Der Tod des russischen Oppositionsführers Alexej Nawalny sorgt international für Bestürzung (Archivfoto). Foto: dpa/Alexander Zemlianichenko

Putin-Kritiker Alexej Nawalny soll in einem sibirischen Straflager zusammengebrochen und gestorben sein. Der Westen reagiert entsetzt - und beschuldigt die russische Regierung. Es bleiben aber offene Fragen.
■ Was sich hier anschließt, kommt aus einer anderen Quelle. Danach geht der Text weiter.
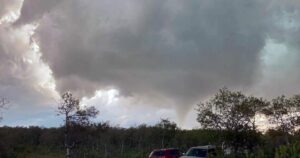 Image of a tornado touching down in the Canadian Prairies amidst a humid heatwave.
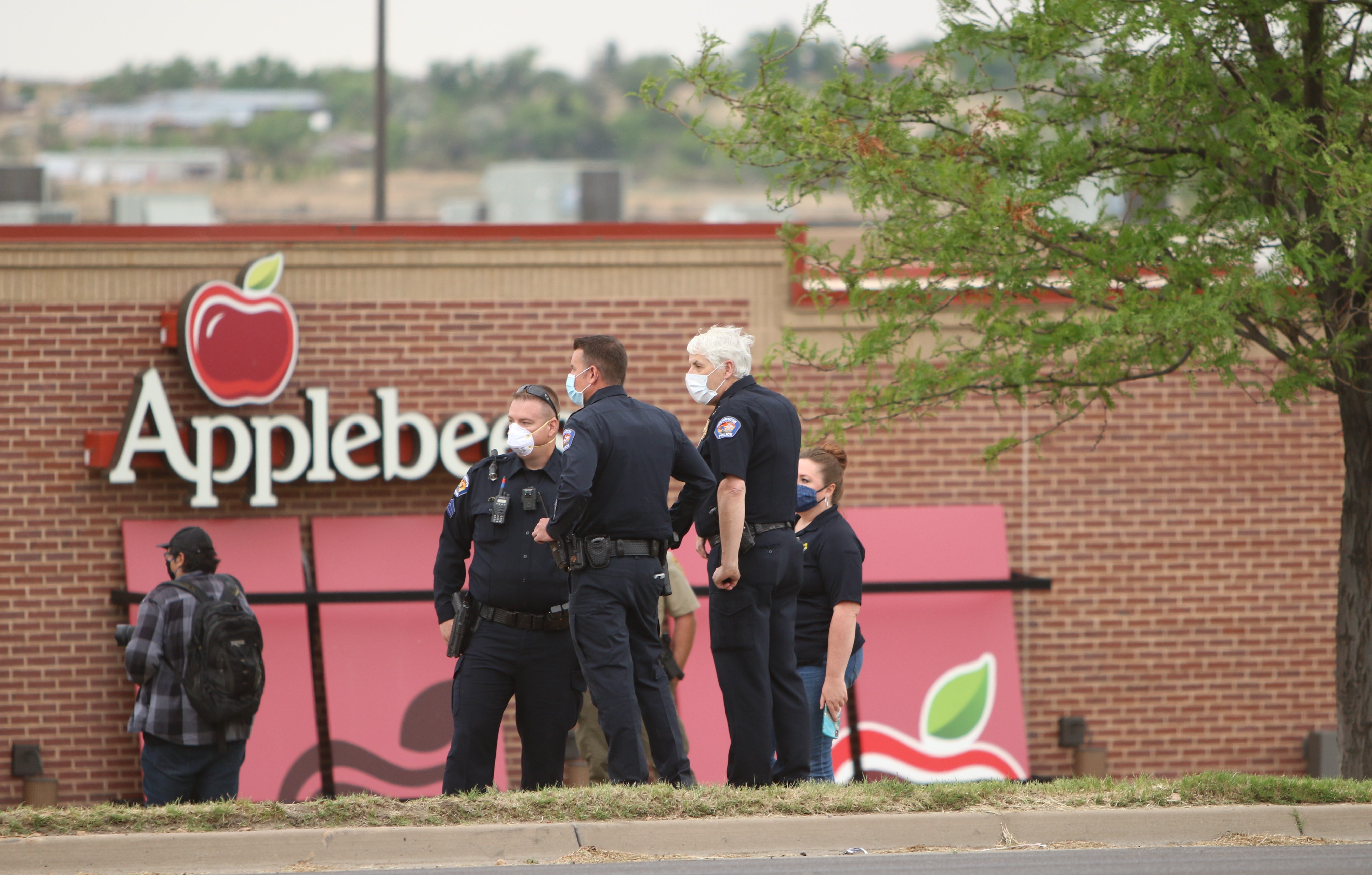 Farmington Police Chief Steve Hebbe, right, stands with officers during a protest on June 1 near Animas Valley Mall that called for justice in George Floyd's death in Minneapolis.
Die Todesnachricht sorgt für Erschütterung in der westlichen Welt: Eine sibirische Strafvollzugsbehörde teilte am Freitag überraschend mit, dass der bekannte russische Kreml-Kritiker Alexej Nawalny in Haft gestorben ist. Angeblich, so berichten es russische Medien, sei der 47-Jährige bei einem Spaziergang plötzlich zusammengebrochen. Rettungsversuche seien erfolglos geblieben. Die Todesursache werde ermittelt, hieß es.

Nicht zuletzt in Deutschland löste die Nachricht Trauer und Bestürzung aus.
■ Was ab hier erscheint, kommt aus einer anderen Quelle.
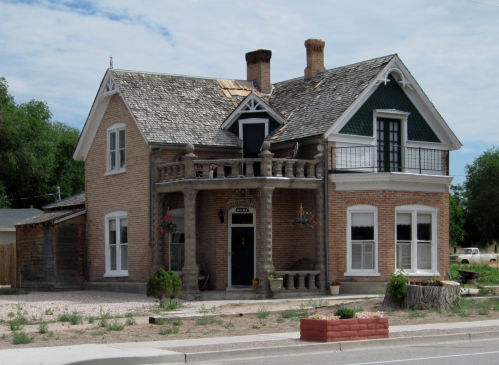 A historic two-story brick house with a unique balcony, decorative trim, and a landscaped front yard.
Bundeskanzler Olaf Scholz (SPD):

„Er hat sich in Russland für Demokratie und Freiheit eingesetzt und offenbar seinen Mut mit dem Leben bezahlt. Die furchtbare Nachricht zeigt einmal mehr, wie sich Russland verändert hat und was für ein Regime in Moskau regiert.“

Bundesaußenministerin Annalena Baerbock (Grüne):

„Wie kaum ein anderer war Alexej Nawalny Sinnbild für ein freies und demokratisches Russland. Genau deswegen musste er sterben.“

CDU-Chef Friedrich Merz:

„Das System Putin hat sein menschenverachtendes Gesicht erneut gezeigt. Wir werden Alexej Nawalny nicht vergessen.“

Altbundeskanzlerin Angela Merkel (CDU):

Nawalny sei „Opfer der repressiven Staatsgewalt Russlands“ geworden, erklärte Merkel. „Es ist furchtbar, dass mit ihm eine mutige, unerschrockene und sich für sein Land einsetzende Stimme mit fürchterlichen Methoden zum Verstummen gebracht wurde.“

EU-Ratspräsident Charles Michel:

„Die EU hält das russische Regime für alleinverantwortlich für diesen tragischen Tod“, schrieb Michel. Nawalny habe „für seine Ideale das ultimative Opfer“ gebracht.

Nato-Generalsekretär Jens Stoltenberg:

„Ich bin zutiefst traurig und beunruhigt.“ „Alle Fakten müssen ermittelt werden, und Russland muss ernsthafte Fragen beantworten.“

Nawalnys Sprecherin Kira Jarmysch schrieb unterdessen auf der Online-Plattform X, ihr liege noch keine offizielle Bestätigung des Todes seitens der Behörden vor. Ein Anwalt bemühe sich um nähere Informationen. Nach Angaben aus dem Umfeld des prominenten Dissidenten soll er bei einer Videoschalte am Donnerstag noch einen fitten Eindruck gemacht haben. In den vergangenen Monaten hatte es allerdings immer wieder Berichte gegeben, dass sich Nawalnys Gesundheitszustand aufgrund der widrigen Haftbedingungen massiv verschlechtert habe. Menschenrechtsorganisationen und Regierungen in aller Welt setzten sich zuletzt immer wieder vergeblich für eine Freilassung ein.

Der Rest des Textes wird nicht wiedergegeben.